Abraham Samad Terseret Kasus Tuduhan Ijazah Palsu Jokowi
"Saya tidak ada hubungannya dengan kasus ijazah Pak Jokowi," jelas Abraham Samad.
Kasus tuduhan ijazah palsu Presiden ketujuh Joko Widodo (Jokowi) melebar ke berbagai pihak. Termasuk mantan Ketua KPK, Abraham Samad.
Seorang petinggi polisi membocorkan salah satu saksi yang bakal diperiksa dalam kasus ini merupakan Abraham Samad.
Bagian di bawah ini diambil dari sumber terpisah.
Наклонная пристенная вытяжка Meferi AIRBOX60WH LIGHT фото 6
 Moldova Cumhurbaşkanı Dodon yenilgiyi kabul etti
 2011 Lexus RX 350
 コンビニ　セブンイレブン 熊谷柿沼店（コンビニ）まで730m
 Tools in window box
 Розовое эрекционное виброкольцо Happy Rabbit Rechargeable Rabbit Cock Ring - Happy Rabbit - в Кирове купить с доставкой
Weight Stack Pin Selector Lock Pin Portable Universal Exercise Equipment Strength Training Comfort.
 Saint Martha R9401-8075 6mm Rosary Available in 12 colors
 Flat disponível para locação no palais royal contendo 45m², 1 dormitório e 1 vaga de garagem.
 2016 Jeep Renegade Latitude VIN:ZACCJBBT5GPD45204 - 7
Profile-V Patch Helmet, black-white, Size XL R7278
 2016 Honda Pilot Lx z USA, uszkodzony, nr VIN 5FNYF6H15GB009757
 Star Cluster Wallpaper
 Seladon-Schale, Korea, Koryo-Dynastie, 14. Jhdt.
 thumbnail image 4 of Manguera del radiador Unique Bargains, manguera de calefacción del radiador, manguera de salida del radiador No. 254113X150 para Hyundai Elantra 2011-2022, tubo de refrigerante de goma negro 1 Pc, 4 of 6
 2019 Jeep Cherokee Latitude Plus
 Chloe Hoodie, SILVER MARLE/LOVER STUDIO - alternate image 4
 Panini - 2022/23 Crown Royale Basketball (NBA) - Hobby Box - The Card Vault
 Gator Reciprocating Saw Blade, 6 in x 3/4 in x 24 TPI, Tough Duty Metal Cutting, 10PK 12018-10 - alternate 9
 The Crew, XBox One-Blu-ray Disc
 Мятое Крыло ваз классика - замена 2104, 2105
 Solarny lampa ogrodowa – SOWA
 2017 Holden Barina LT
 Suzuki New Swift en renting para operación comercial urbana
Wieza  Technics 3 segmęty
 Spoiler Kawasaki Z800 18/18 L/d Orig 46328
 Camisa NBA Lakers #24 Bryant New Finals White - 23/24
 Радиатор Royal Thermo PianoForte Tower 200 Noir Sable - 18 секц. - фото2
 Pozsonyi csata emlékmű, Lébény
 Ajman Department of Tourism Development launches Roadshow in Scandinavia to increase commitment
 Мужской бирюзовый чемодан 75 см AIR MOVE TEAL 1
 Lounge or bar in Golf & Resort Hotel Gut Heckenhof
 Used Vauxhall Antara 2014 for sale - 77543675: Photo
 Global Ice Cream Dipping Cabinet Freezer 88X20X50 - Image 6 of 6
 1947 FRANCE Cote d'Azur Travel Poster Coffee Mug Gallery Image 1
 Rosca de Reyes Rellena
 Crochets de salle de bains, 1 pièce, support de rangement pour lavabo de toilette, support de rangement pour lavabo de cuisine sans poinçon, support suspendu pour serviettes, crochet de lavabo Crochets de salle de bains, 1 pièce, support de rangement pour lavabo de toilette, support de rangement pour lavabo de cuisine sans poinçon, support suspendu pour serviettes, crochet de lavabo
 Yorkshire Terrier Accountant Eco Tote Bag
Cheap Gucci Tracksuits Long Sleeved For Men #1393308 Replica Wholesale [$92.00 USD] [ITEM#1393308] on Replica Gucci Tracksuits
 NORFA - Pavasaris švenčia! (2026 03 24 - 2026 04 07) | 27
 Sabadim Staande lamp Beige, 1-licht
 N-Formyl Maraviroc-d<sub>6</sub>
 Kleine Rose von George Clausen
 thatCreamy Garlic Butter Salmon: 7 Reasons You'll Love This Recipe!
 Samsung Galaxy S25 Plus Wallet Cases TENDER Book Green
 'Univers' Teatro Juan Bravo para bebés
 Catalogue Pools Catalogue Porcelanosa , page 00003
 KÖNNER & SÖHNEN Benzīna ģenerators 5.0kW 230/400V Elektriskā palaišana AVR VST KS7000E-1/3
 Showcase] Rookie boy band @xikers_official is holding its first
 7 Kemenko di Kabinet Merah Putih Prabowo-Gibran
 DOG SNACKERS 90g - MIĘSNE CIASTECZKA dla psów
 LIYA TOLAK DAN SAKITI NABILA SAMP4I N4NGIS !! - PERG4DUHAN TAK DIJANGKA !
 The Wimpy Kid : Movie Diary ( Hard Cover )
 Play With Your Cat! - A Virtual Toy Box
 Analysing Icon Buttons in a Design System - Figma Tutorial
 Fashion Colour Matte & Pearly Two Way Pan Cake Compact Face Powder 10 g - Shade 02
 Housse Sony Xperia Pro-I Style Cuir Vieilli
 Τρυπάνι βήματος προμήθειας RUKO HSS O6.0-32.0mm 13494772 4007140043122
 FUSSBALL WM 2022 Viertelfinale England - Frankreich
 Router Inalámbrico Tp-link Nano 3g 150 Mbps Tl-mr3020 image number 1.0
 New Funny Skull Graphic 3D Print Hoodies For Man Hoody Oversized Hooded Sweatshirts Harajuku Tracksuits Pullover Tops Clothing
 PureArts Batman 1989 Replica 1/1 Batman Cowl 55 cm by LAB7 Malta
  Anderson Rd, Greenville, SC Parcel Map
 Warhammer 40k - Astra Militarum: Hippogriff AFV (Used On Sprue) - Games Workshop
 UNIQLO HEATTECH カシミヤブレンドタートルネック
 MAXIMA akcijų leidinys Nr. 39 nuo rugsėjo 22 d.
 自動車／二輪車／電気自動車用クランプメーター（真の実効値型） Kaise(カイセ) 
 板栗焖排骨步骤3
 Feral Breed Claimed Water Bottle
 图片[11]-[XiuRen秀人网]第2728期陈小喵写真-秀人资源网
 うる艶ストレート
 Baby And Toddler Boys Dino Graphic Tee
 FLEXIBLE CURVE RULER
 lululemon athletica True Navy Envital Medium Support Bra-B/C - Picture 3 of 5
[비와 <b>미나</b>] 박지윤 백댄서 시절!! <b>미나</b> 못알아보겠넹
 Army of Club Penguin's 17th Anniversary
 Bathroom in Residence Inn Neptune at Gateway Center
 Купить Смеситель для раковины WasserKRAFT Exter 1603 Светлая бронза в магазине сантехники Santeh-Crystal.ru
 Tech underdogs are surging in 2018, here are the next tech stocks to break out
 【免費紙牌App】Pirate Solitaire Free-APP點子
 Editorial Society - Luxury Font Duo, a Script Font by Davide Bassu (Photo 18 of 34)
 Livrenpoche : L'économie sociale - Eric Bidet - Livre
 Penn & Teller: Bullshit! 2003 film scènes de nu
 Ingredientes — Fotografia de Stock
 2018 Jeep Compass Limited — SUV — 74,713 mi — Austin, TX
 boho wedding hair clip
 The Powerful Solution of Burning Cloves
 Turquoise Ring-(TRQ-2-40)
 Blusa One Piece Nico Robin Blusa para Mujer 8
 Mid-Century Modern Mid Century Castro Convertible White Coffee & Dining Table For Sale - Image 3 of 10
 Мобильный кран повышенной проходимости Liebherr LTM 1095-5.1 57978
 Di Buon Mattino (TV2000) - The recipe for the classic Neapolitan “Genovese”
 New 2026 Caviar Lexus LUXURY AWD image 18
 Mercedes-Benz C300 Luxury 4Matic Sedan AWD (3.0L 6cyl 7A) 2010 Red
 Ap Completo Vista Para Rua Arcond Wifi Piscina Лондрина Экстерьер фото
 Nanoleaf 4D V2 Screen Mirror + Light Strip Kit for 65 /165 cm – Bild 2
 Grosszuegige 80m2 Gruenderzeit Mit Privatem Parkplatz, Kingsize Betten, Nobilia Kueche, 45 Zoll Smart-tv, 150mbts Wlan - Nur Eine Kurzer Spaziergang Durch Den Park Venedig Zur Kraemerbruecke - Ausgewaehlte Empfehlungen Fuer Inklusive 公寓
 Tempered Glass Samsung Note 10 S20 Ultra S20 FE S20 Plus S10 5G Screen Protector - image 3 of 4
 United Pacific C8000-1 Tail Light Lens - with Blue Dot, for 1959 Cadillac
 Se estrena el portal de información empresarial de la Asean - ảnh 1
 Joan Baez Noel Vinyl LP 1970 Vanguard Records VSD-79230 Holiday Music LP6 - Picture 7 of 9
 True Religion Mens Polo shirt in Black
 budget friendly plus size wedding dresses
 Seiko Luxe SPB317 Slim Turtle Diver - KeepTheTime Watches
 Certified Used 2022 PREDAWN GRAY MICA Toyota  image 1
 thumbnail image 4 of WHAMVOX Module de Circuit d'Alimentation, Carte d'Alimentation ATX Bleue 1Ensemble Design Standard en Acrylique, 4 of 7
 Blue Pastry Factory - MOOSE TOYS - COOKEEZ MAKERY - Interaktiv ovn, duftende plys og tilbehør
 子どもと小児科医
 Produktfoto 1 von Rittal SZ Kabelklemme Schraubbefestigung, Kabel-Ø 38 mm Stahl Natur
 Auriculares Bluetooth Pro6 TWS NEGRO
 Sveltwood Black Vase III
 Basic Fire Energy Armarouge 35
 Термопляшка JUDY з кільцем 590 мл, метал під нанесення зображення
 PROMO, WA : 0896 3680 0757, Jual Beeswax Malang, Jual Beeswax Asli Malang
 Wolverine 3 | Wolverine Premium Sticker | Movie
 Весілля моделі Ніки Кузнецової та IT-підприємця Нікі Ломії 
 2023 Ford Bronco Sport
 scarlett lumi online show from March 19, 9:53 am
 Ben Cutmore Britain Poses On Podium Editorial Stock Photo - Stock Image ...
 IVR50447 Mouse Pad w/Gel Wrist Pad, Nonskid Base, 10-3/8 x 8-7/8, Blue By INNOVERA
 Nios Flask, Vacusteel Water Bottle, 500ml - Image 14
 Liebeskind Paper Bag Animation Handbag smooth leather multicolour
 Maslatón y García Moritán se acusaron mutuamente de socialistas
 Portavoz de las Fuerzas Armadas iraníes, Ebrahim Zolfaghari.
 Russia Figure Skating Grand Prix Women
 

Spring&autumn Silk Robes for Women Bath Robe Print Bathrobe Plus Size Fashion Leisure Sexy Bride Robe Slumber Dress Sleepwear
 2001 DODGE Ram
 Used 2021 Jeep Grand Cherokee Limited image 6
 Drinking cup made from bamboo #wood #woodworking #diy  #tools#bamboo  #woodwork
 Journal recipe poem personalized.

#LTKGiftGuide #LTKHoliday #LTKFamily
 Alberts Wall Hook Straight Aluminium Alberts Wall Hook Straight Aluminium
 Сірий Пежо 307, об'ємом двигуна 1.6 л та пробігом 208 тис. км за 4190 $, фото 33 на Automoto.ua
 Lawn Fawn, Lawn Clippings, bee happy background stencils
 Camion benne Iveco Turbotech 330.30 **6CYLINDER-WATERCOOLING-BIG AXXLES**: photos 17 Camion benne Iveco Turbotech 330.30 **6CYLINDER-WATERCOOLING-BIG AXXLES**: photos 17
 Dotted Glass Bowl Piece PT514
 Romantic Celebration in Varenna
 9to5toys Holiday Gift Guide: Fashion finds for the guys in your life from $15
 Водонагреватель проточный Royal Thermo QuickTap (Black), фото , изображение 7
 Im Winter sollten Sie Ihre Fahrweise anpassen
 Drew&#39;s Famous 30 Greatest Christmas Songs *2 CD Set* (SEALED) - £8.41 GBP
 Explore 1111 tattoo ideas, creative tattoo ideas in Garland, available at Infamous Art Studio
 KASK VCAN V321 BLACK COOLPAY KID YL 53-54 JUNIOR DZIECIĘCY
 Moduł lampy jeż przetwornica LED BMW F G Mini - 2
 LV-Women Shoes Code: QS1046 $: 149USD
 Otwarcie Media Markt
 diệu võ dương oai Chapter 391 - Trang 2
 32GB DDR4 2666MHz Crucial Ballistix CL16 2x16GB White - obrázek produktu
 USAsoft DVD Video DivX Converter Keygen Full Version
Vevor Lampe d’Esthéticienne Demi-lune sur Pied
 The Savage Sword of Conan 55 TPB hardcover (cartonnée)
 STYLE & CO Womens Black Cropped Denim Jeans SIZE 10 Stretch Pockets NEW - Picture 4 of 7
Menanggapi hal ini, Abraham Samad pun heran. Kenapa dirinya diseret ke dalam kasus tuduhan ijazah palsu Jokowi. Dia merasa sama sekali tidak terkait dalam kasus tersebut.
"Saya tidak ada hubungannya dengan kasus ijazah Pak Jokowi," jelas Abraham Samad.
Belum Terima Surat Panggilan
Ditambah lagi, Abraham menegaskan, sampai hari ini belum pernah mendapatkan undangan apapun dari kepolisian.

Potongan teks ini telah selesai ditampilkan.